The research strategy that we propose is intended to supplement, rather than substitute for, research into specific diseases, which will continue to discover new and improved therapies and approaches to preventive medicine. We propose, however, a large increase in resources available for investigations into how diseases such as type 2 diabetes, congestive heart failure, Alzheimer’s disease, Parkinson’s disease, osteoporosis, sarcopenia, and most cancers, either interact with ageing or share mechanisms in common with it. We further propose greatly increased funding for basic research into the fundamental cellular and physiological changes that drive ageing itself.

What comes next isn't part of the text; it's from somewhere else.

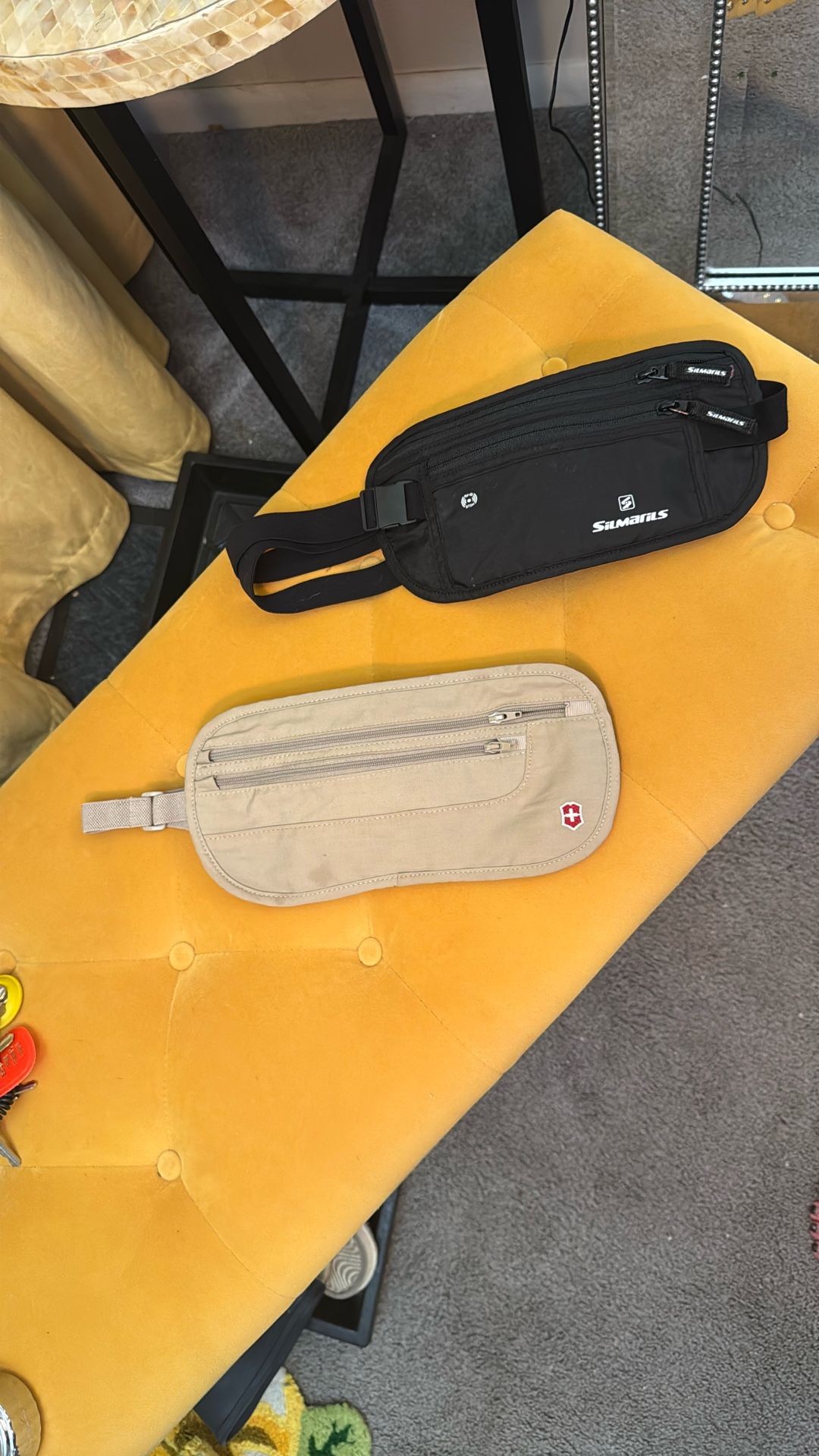 Set Of 2 Travel Security Belt Bags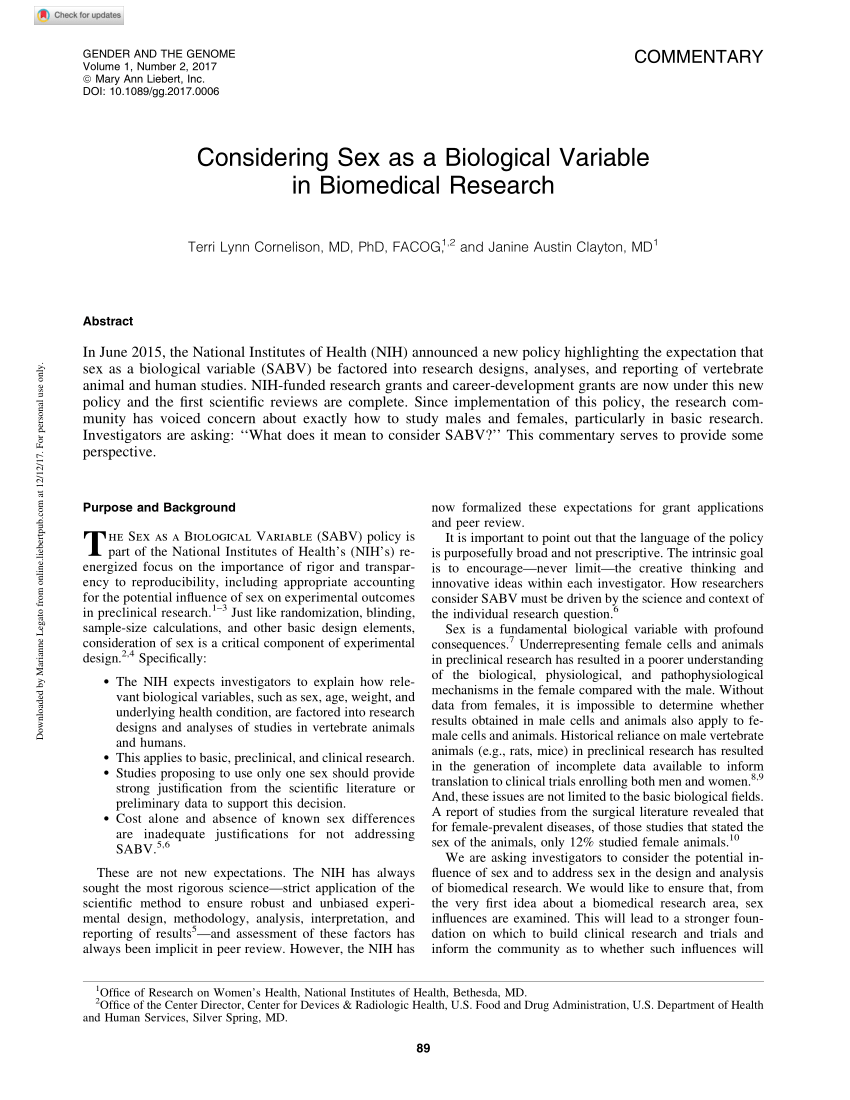 Pdf Considering Sex As A Biological Variable In Biomedical Research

The pursuit of extended healthy life through slowing ageing has the potential to yield dramatic simultaneous gains against many if not all of the diseases and disorders expressed in later life. The most efficient approach to combating disease and disability is to pursue the means to modify the key risk factor that underlies them all—ageing itself. Pursuing an aggressive research strategy to devise interventions against ageing suitable for humans requires that it is a goal worth pursuing (it is), and that we have good leads to follow (we do), but it does not require that we know, in advance, which of the current ideas about mechanisms affecting the rate of ageing are most likely to produce effective interventions. A fresh emphasis on ageing should vastly accelerate the health, economic, and social benefits of the extension of healthy life, which we refer to collectively as the longevity dividend.22

Competing interests: None declared.

Contributors and sources: This article arose from the authors’ efforts to get physicians, scientists, and politicians to understand and appreciate the public health benefits that would accrue from efforts to slow ageing, and distinguish those benefits from the current medical approach to attacking one disease at a time. All authors participated in the drafting and editing of the article and approved the final version. RNB is guarantor.

Provenance and peer review: Not commissioned; externally peer reviewed.